PROBLEM REQUIREMENTS: Copy out once more, exactly, the line with "Are you based" and all the lines after it, up to the last line of the data.

GIVEN MATERIAL:
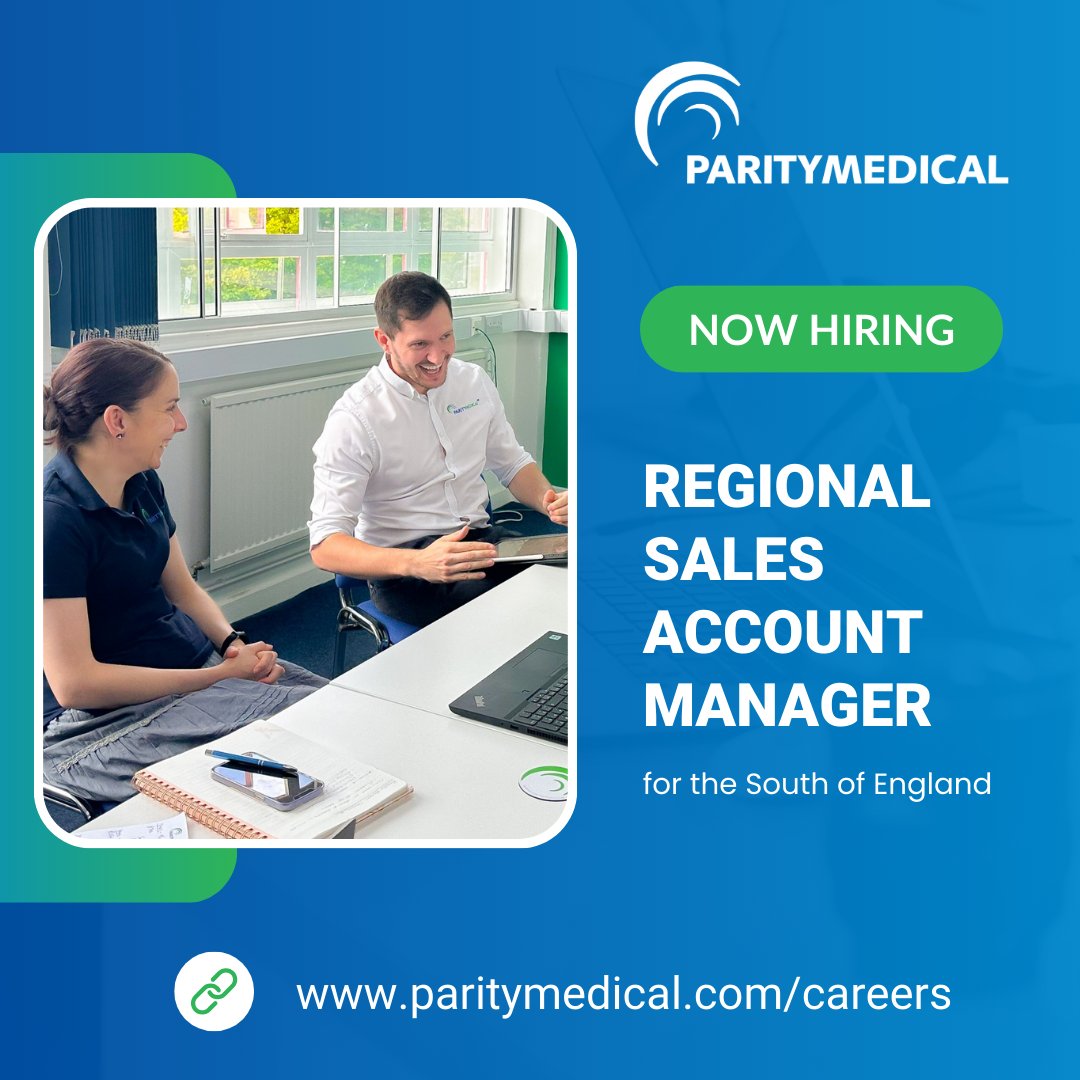 📢 We're #hiring!

Are you based in southern England &amp; looking for your next career challenge? We've got a great opportunity for you! The position offers a competitive salary, uncapped commission &amp; opportunities for career progression. Learn more at
paritymedical.com/careers/region…

#Jobs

ANSWER SECTION:
Are you based in southern England &amp; looking for your next career challenge? We've got a great opportunity for you! The position offers a competitive salary, uncapped commission &amp; opportunities for career progression. Learn more at
paritymedical.com/careers/region…

#Jobs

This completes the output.